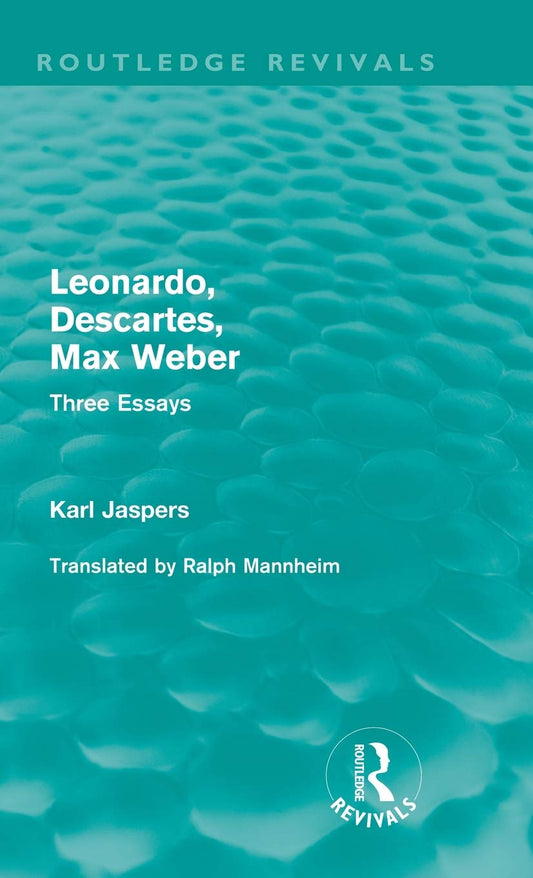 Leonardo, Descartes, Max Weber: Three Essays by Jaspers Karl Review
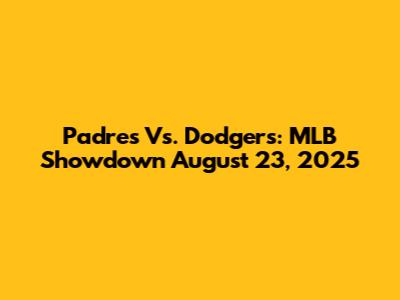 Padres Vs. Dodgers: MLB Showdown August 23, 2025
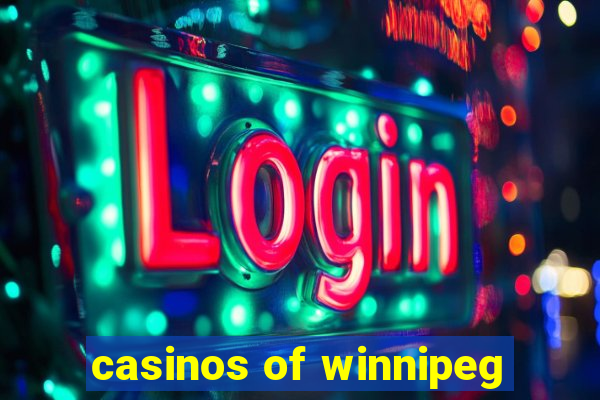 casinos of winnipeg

■ Task objective ■
Each line of the data should be quoted exactly, with pictures left out.

■ Exercise answer ■
 Leonardo, Descartes, Max Weber: Three Essays by Jaspers Karl Review
 Padres Vs. Dodgers: MLB Showdown August 23, 2025
 casinos of winnipeg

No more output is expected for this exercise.